__YOUR TASK__
Make an exact copy of the entries below and leave any picture out of it.

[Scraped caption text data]

[Start of Attachment]

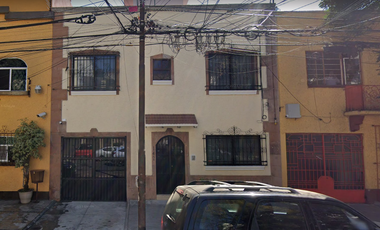 Bonita Casa En Una Exelente Ubicacion Calle Zamora # 142 Col. Condesa   GSN
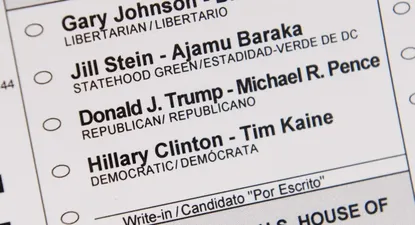 trump cabeza a cabeza con clinton luego de nueva investigacion del fbi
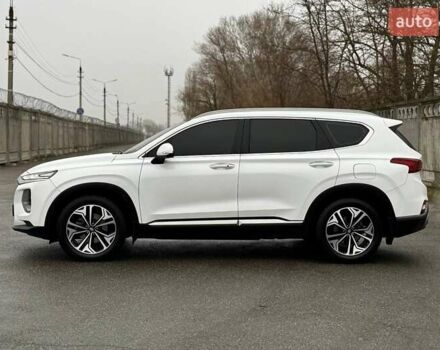 Белый Хендай Санта Фе, объемом двигателя 2.2 л и пробегом 80 тыс. км за 29500 $, фото 6 на Automoto.ua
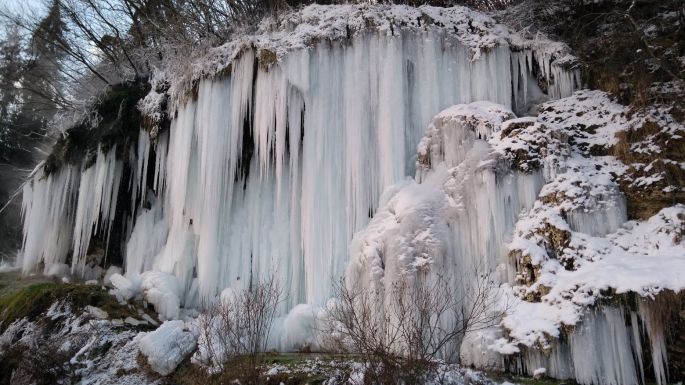 A maroshévízi befagyott vízeséséről közölt videót a BBC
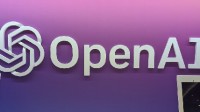 OpenAI CEO：十年内超强AI系统或将诞生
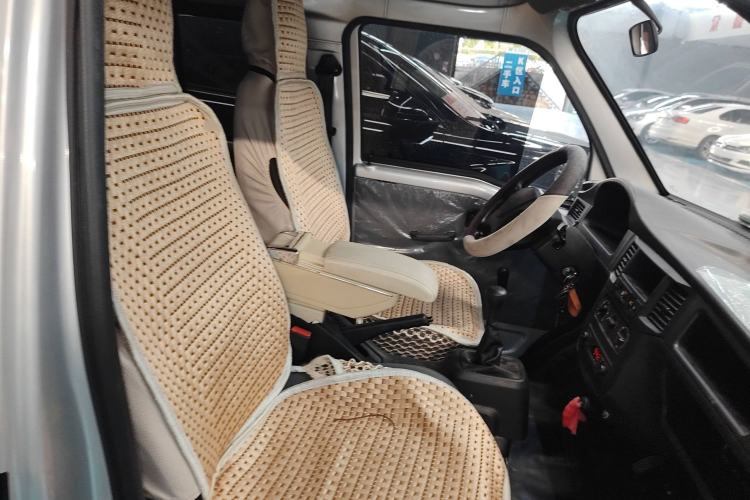 Used Wuling Zhiguang 2023 1.5L Practical Version 5/7 Seats Right Front Seat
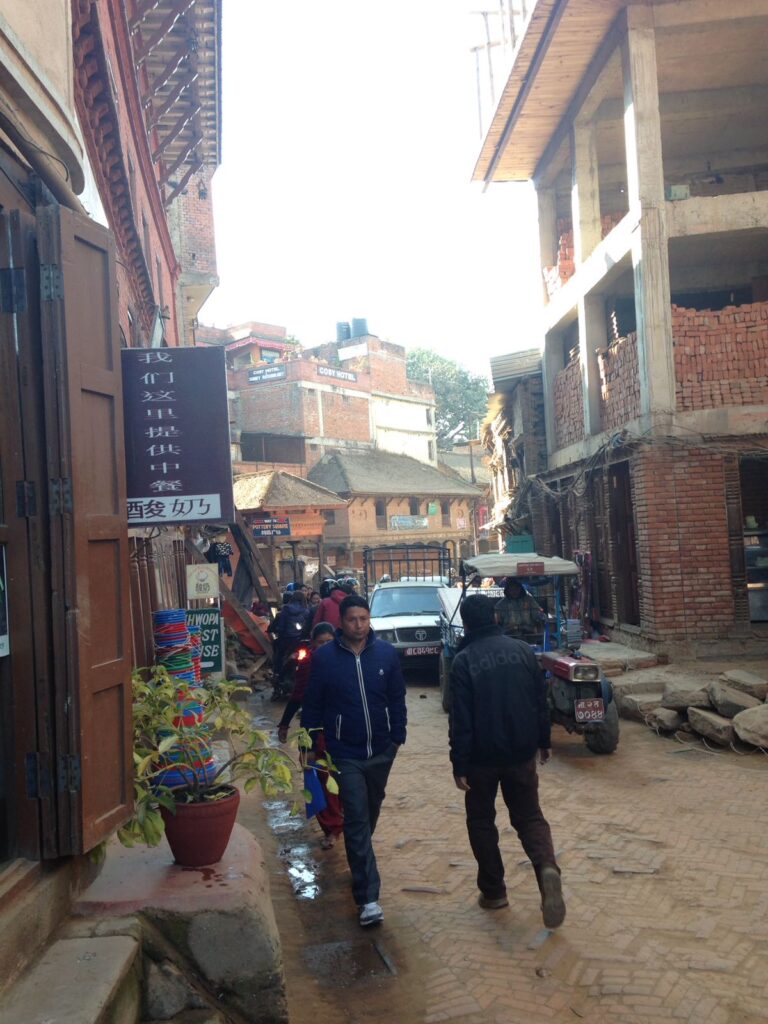 Aller au Népal c’est aussi regarder une vérité en face, celle de la pauvreté, le manque d’infrastructures, les ombres du capitalisme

[End of Attachment]

__RESPONSE__
 Bonita Casa En Una Exelente Ubicacion Calle Zamora # 142 Col. Condesa   GSN
 trump cabeza a cabeza con clinton luego de nueva investigacion del fbi
 Белый Хендай Санта Фе, объемом двигателя 2.2 л и пробегом 80 тыс. км за 29500 $, фото 6 на Automoto.ua
 A maroshévízi befagyott vízeséséről közölt videót a BBC
 OpenAI CEO：十年内超强AI系统或将诞生
 Used Wuling Zhiguang 2023 1.5L Practical Version 5/7 Seats Right Front Seat
 Aller au Népal c’est aussi regarder une vérité en face, celle de la pauvreté, le manque d’infrastructures, les ombres du capitalisme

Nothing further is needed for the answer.